PROBLEM STATEMENT.
Your copy should start at the line with "3 Bedroom Semi-Detached" and end at the line with "02092009 Antonio, Claudia y Carlos Mijares." in the data below. Transcribe only those lines, exactly, pictures excluded.

(Beginning of INFORMATION SUPPLIED)

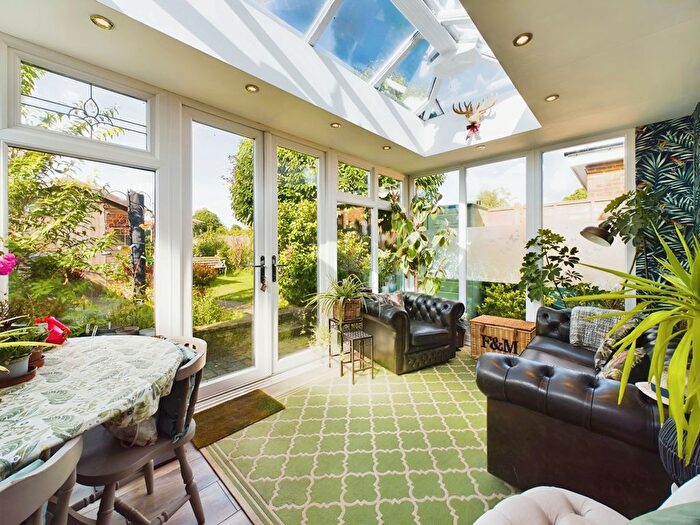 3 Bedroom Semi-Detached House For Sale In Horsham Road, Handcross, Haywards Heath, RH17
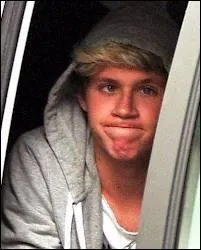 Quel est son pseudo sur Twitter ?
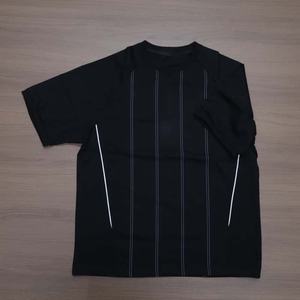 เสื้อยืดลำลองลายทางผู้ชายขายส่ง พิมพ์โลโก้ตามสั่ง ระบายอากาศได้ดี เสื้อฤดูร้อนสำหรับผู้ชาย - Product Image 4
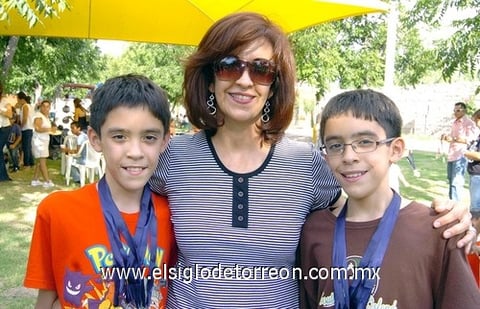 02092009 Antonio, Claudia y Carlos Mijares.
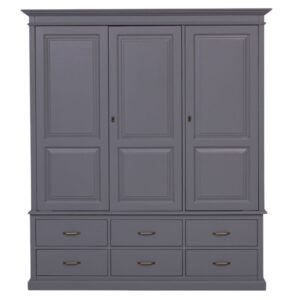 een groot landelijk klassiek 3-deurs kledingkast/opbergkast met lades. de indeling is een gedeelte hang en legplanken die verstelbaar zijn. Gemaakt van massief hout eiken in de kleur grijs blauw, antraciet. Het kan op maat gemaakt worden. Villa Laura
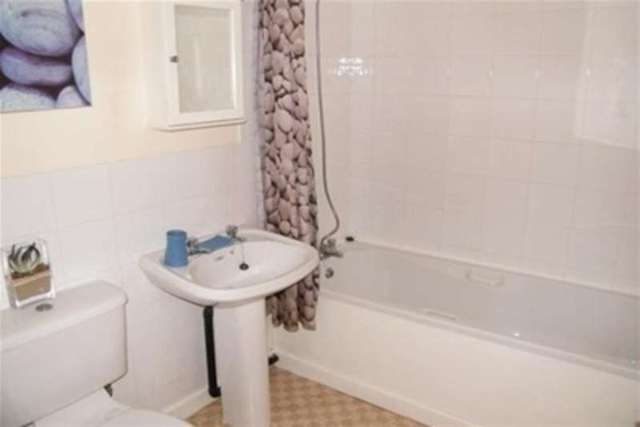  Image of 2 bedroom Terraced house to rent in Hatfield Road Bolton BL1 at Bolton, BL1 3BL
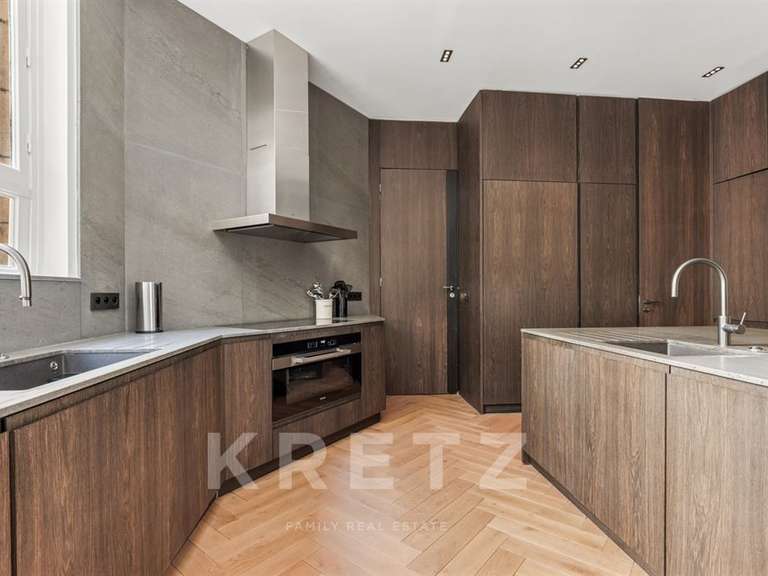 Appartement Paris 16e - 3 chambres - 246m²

(End of INFORMATION SUPPLIED)
(Beginning of INFORMATION SUPPLIED)

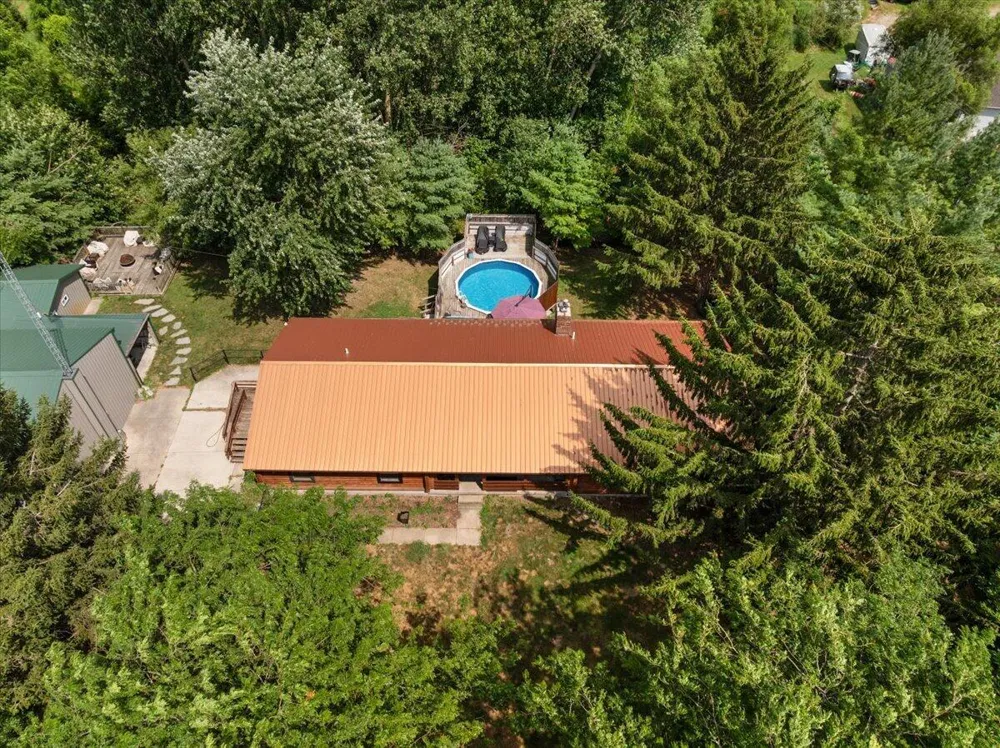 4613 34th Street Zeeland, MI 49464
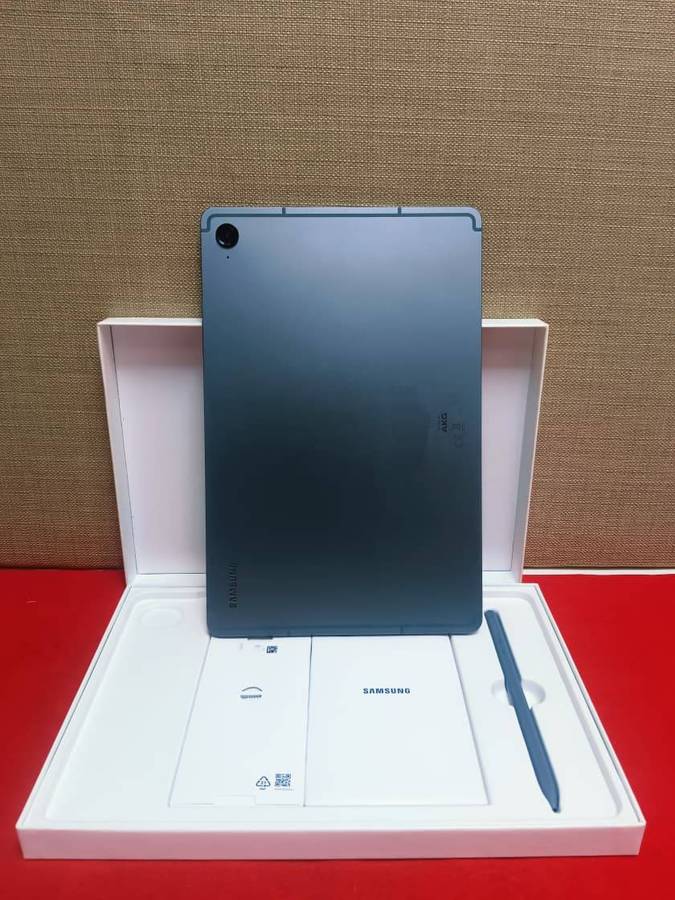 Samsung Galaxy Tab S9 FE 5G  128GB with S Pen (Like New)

(End of INFORMATION SUPPLIED)
(Beginning of INFORMATION SUPPLIED)

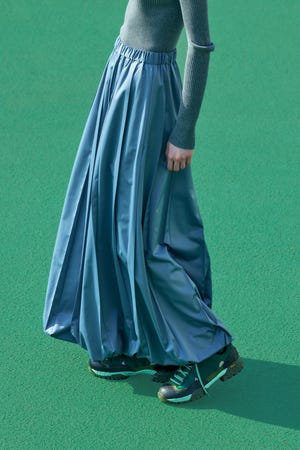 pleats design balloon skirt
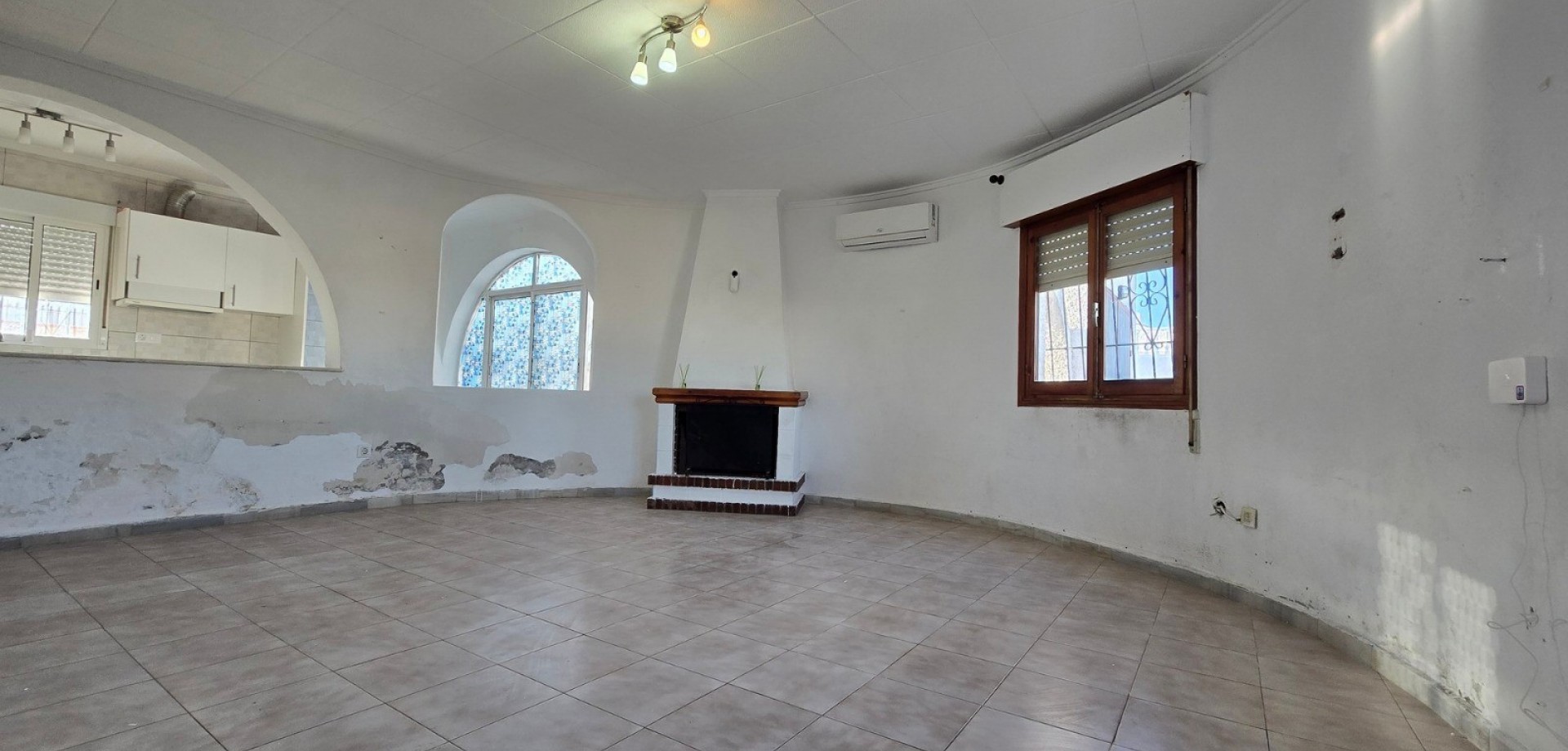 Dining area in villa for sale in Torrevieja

(End of INFORMATION SUPPLIED)

YOUR SOLUTION.
 3 Bedroom Semi-Detached House For Sale In Horsham Road, Handcross, Haywards Heath, RH17
 Quel est son pseudo sur Twitter ?
 เสื้อยืดลำลองลายทางผู้ชายขายส่ง พิมพ์โลโก้ตามสั่ง ระบายอากาศได้ดี เสื้อฤดูร้อนสำหรับผู้ชาย - Product Image 4
 02092009 Antonio, Claudia y Carlos Mijares.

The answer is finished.